When Commons Machinery started, one of the organizations or groups that we reached out to was a W3C community group called ODRL. ODRL stands for Open Digital Rights Language, and is managed by a very enthusiastic fellow called Renato Iannella. The idea of ODRL is to create a general purpose language and a model to express rights digitally using machine readable and machine understandable formatting. An example of when you might use ODRL: John gives permission to Liza play an .mp3 ten times, after which the permission is no longer valid. We can then build this into the software we are using so that it can interpret this permission and ensure that Liza plays this .mp3 only ten times, after which she isn’t able to play it any more. This can be used as Digital Rights Management (DRM), which is not something Commons Machinery likes, but is something that some users of ODRL might be looking for. However, you can also use it for more circumstances more similar to what we are working on, for example: John gives everyone in the world permission to reuse his work, to copy it, to display it, and to use it in other contexts as long as the users give him credit (an attribution requirement) — essentially a creative commons attribution license. You can express this whole range of anything from DRM to non-DRM with ODRL.

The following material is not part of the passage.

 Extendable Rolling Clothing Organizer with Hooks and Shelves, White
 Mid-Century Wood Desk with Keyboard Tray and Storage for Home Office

In order to be so all-purpose, ODRL makes a number of assumptions about the environments it will be used in. That lets us know already that ODRL is mostly designed to be used within particular domains in business-to-business transactions, between softwares from the same vendor, or between vendors that are collaborating in some way. It’s only when you have an understanding or control in some way of both recipients and senders of the ODRL permissions that you can really make use of it.
Let’s take the example from before: John gives Liza permission to play an .mp3 ten times. One of the questions you can ask yourself is: So which .mp3? That’s something we encountered in our work previously; that in order to identify the work that you’re referring to in many situations you need an identifier (an identifier for digital work is the equivalent of ISBN for a book or ISSN for a journal).
There are a number of different identifiers, and for essentially any domain there is someone who is managing the registry of identifiers. ODRL requires that every asset is marked with an identifier, but it never specifies which, leaving that to the implementation. You need to determine for your particular ODRL implementation which identifier you are going to use for the works you are referring to. Are you going to use something like ISBN expressed as a URI or are you going to use something else? ODRL code doesn’t specify, so you need to invent this yourself.
Second challenge is: Who are John and Liza? If you are talking about permissions that John gives to Liza there should be some way of identifying who these people are, and so we need unique identifiers not only for the works but also for the people involved in this transaction. It could also be a company that gives or receives permission, and so a company would need a unique identifier as well. ODRL simply says that we need identifiers for people or organizations, but it doesn’t say what they should look like, who will be managing them, or what particular identifiers we might need.
If you are going to make use of ODRL, you really need to have some control over both the sender and receiver, or at least some understanding with both the sender and receiver about which particular identifier you’re going to use for people or organizations. ODRL is a relatively simple standard. They have kept it lean and clean and a lot of things are built into the core vocabulary of ODRL. This means that a lot of the permissions you are able to give people — like ‘play’ and ‘use’ — are defined, and they have a meaning already in the ODRL standard while other permissions do not. So there could be permissions that are relevant for some industries, but which are not part of the ODRL standard. The IPTC are building on the ODRL standard for one of their standards, but they are extending it and changing the meaning of some of the terms while introducing other terms that make sense for their industry. This is the way that ODRL is supposed to function, but it introduces complexity: if you want to understand what an ODRL policy means then not only do you need the identifiers but you also need to have an understanding of whether you are talking about ODRL core vocabulary or if you are talking about an ODRL extension, and extensions can be anything. There’s no limit to the number of extensions, and it’s up to each particular implementation to deal with this. Whew!
In our work at Commons Machinery, I originally felt that ODRL could be useful if we could get people to use that as a way to express Creative Commons licenses in a machine readable way. Then, as time went on, I realized that we don’t have an issue with permission: our focus is attribution. Permission is something we might get to eventually, but it’s not critical to what we are thinking about right now. We are thinking about how to make it possible to relate a work to its context, not who is or is not allowed to use it. That’s part of the contextual information, but it’s far from the most critical information that we need to convey. We decided to put our work with ODRL on hold indefinitely, until we feel that there’s an actual need to investigate further and to look deeper at the subject of right management. Once we can find support for a use case where this is relevant, we’ll definitely get back to ODRL again.